EXTRACTED INFORMATION —
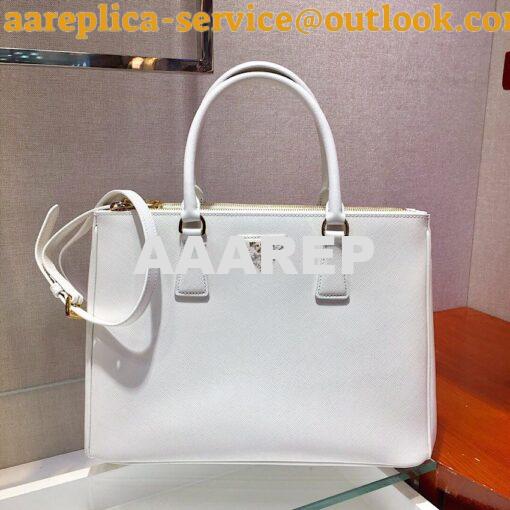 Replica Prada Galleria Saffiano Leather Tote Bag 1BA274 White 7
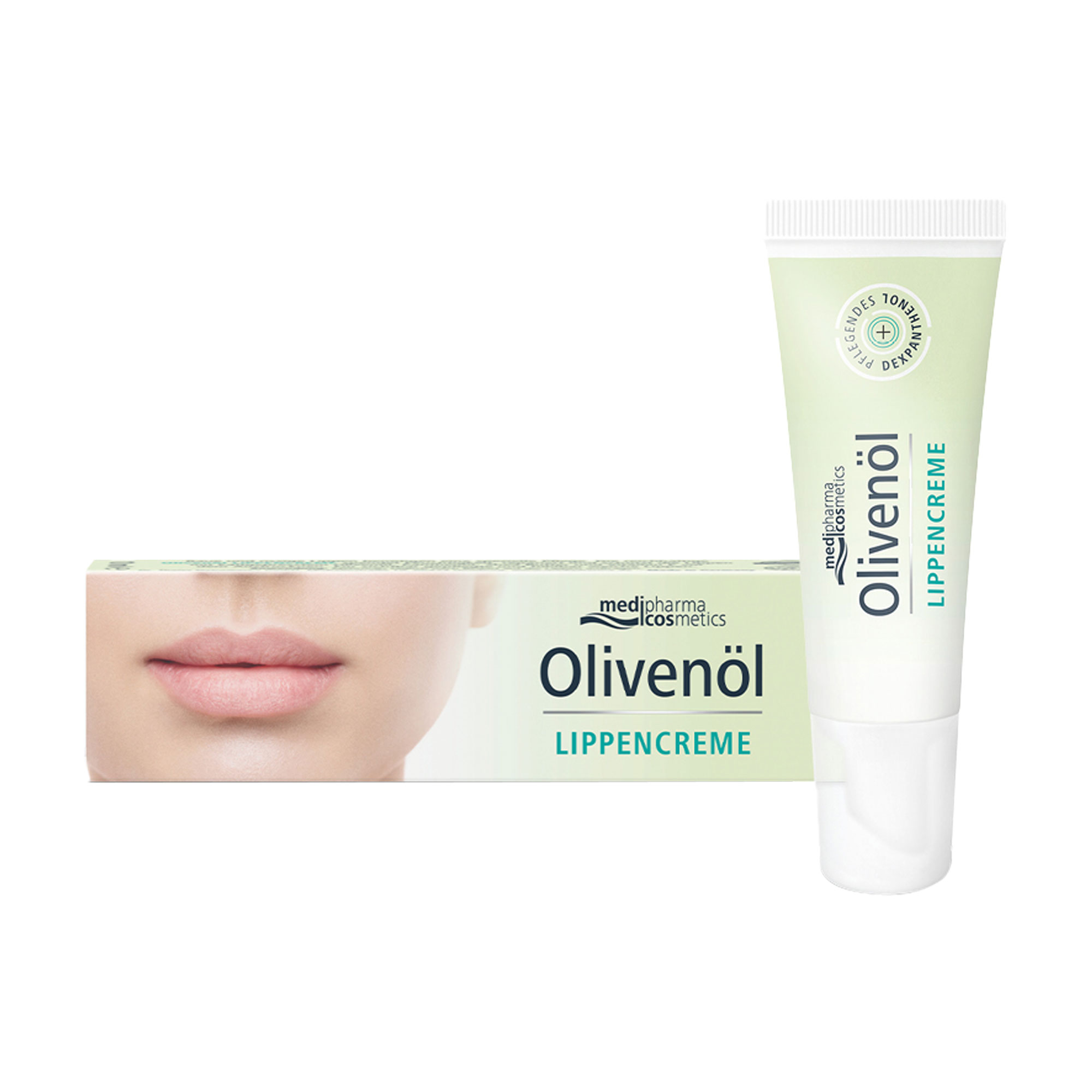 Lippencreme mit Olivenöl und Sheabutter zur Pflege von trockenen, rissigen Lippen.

* * *

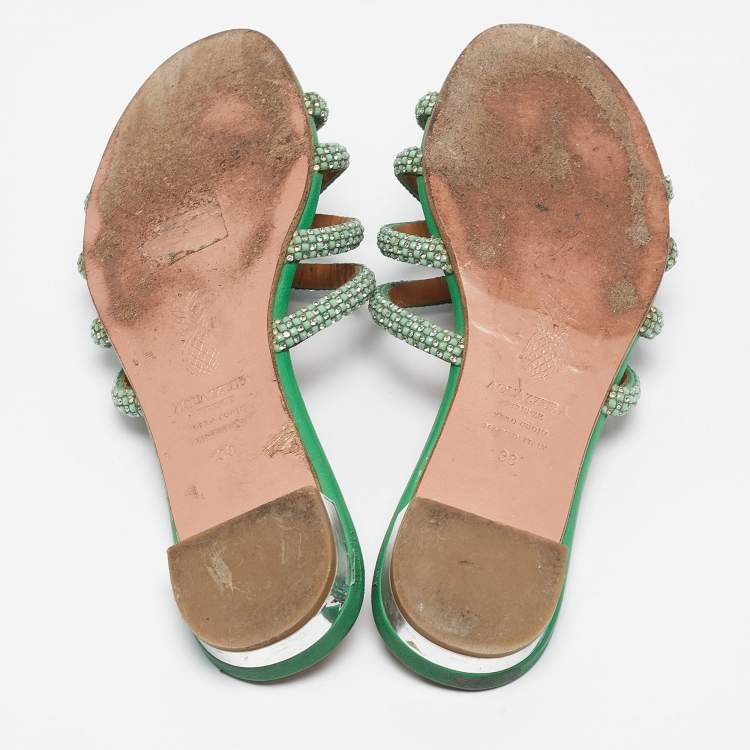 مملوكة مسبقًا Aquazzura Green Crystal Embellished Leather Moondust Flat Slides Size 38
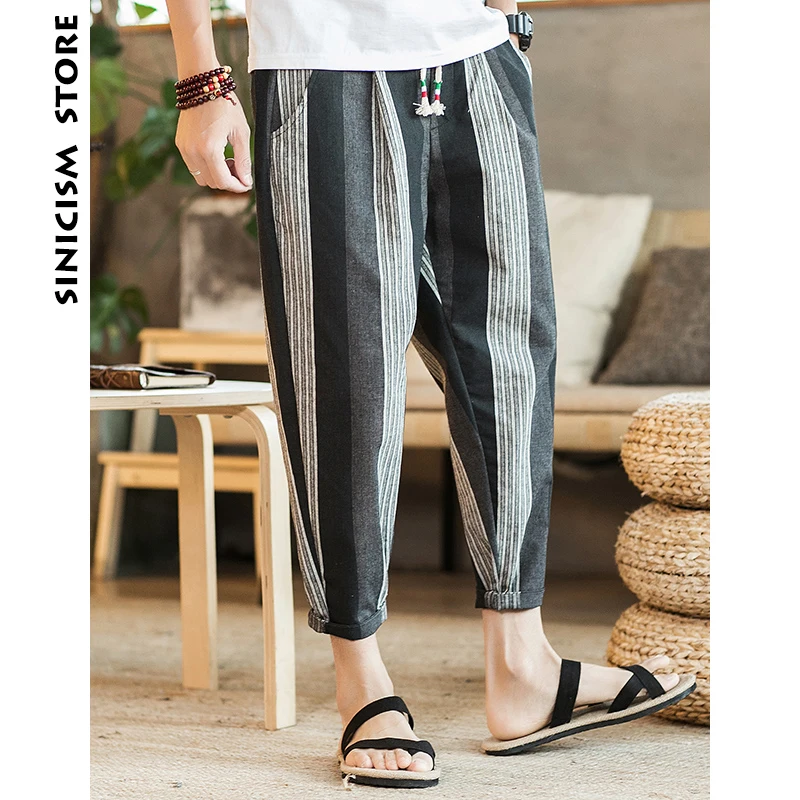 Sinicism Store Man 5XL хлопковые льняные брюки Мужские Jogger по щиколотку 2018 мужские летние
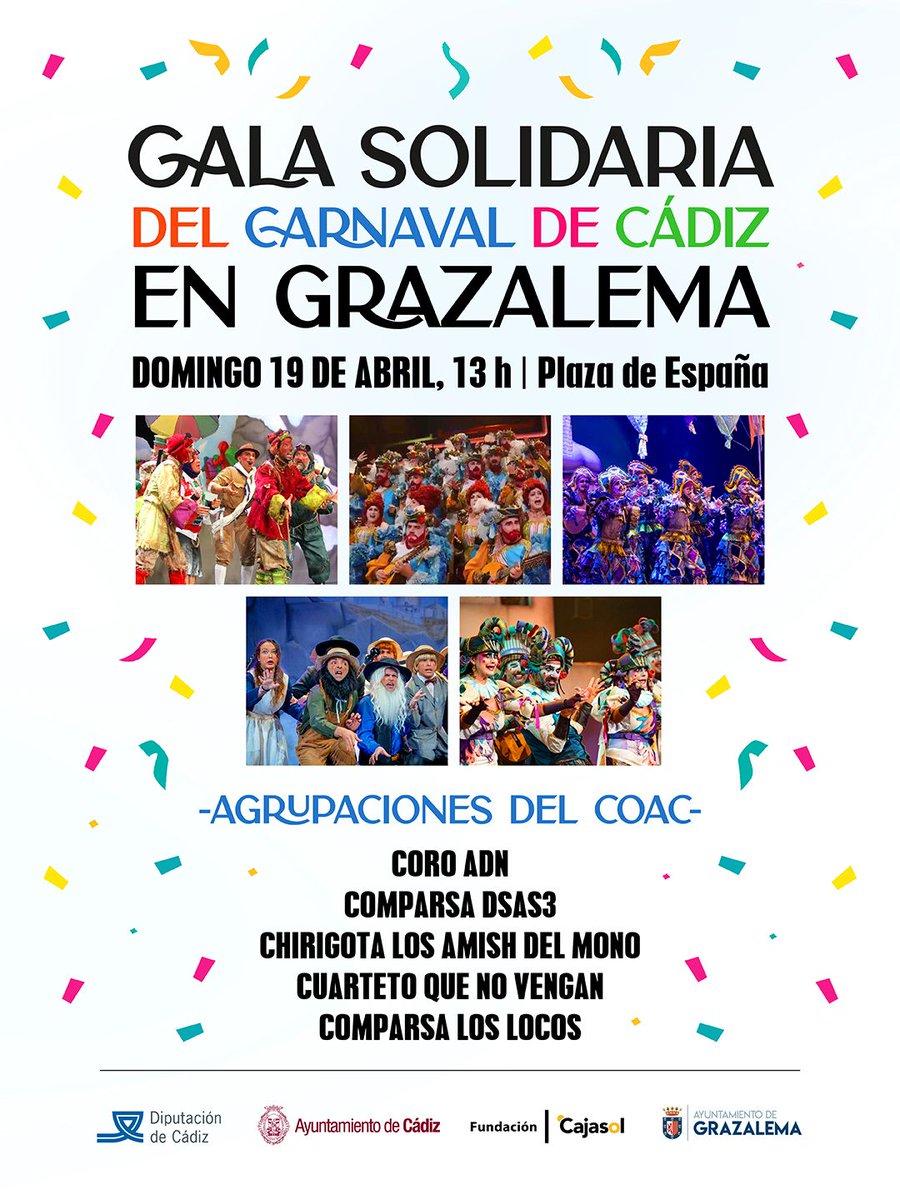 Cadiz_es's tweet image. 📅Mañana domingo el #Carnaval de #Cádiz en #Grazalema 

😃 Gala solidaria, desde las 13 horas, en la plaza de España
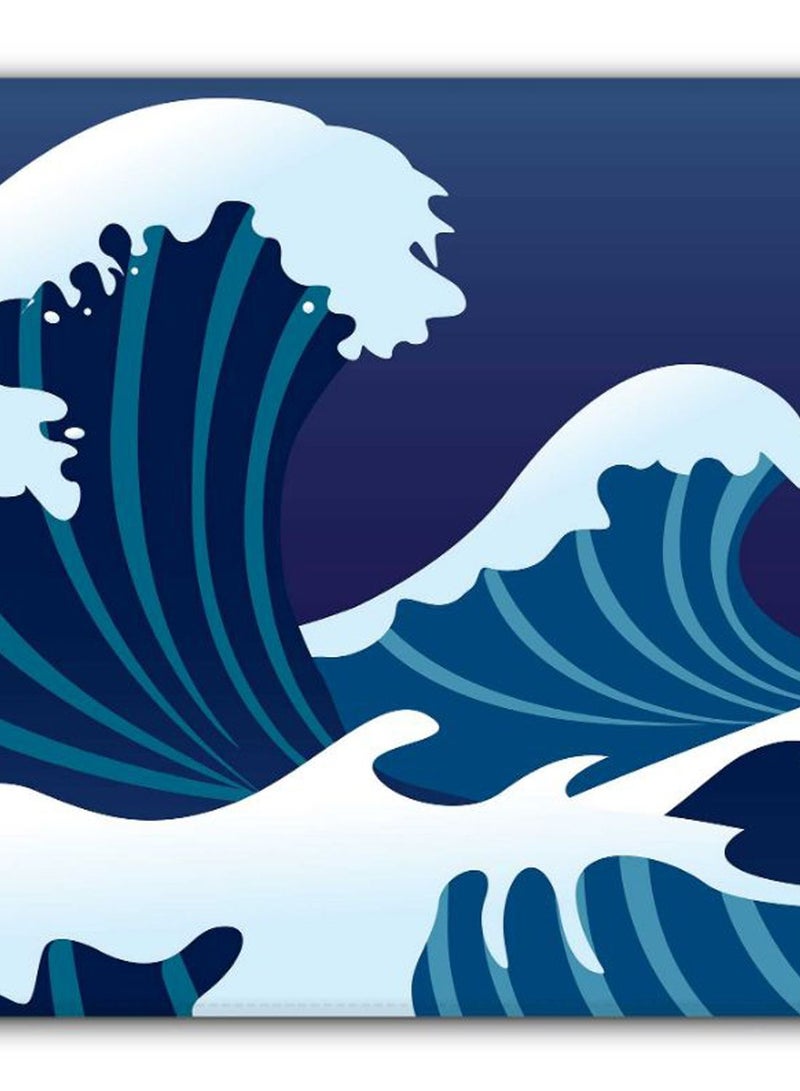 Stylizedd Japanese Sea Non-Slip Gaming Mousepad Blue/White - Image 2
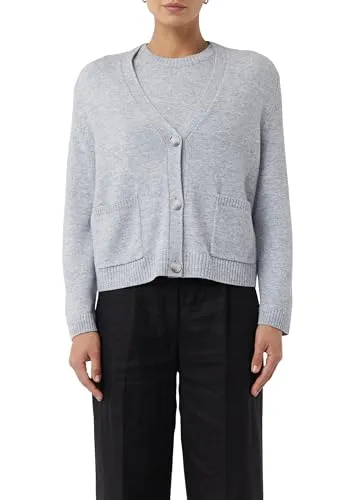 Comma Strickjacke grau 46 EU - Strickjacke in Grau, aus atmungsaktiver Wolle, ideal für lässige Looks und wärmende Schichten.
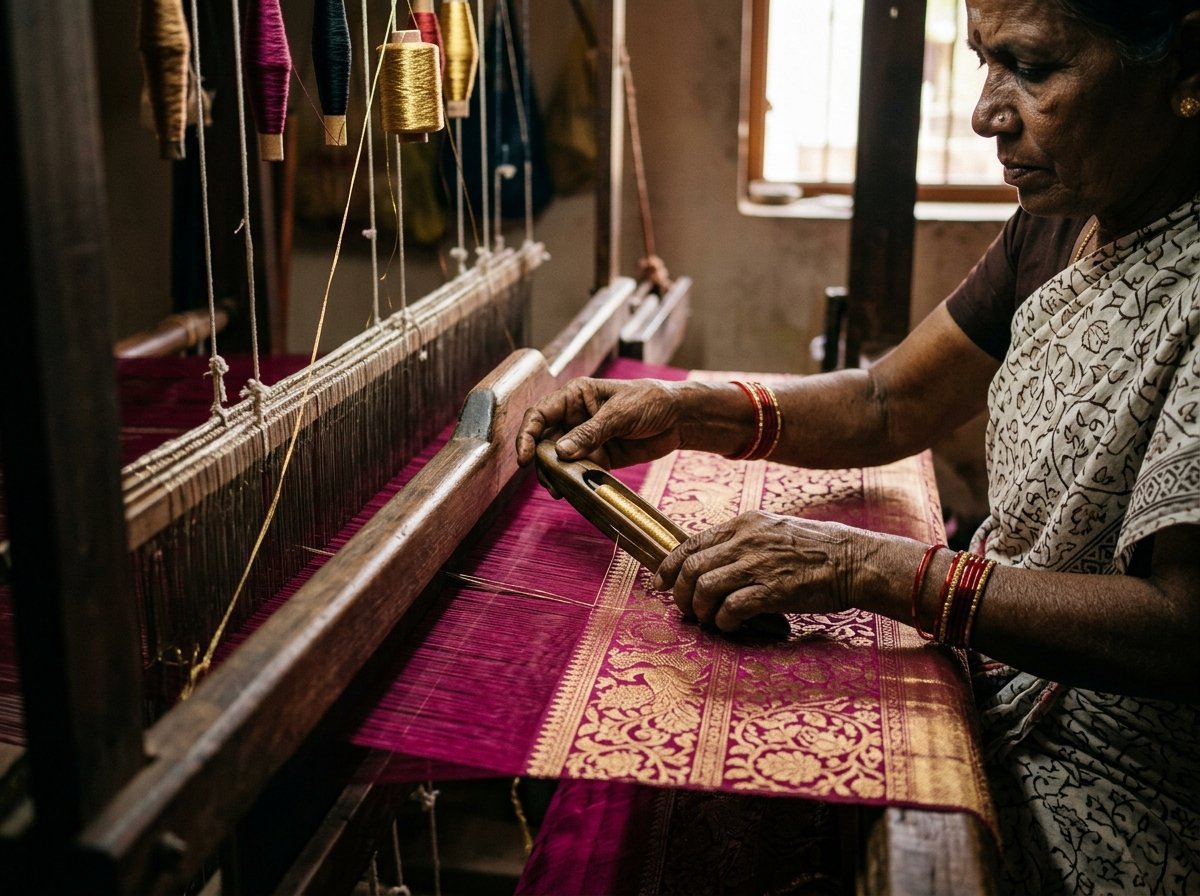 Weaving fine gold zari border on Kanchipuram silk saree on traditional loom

WHAT YOU WILL DO —
Your answer must be everything above from the line with "Comma Strickjacke grau" down to the line with "Weaving fine gold", word for word, and no pictures.

ANSWER AREA —
 Comma Strickjacke grau 46 EU - Strickjacke in Grau, aus atmungsaktiver Wolle, ideal für lässige Looks und wärmende Schichten.
 Weaving fine gold zari border on Kanchipuram silk saree on traditional loom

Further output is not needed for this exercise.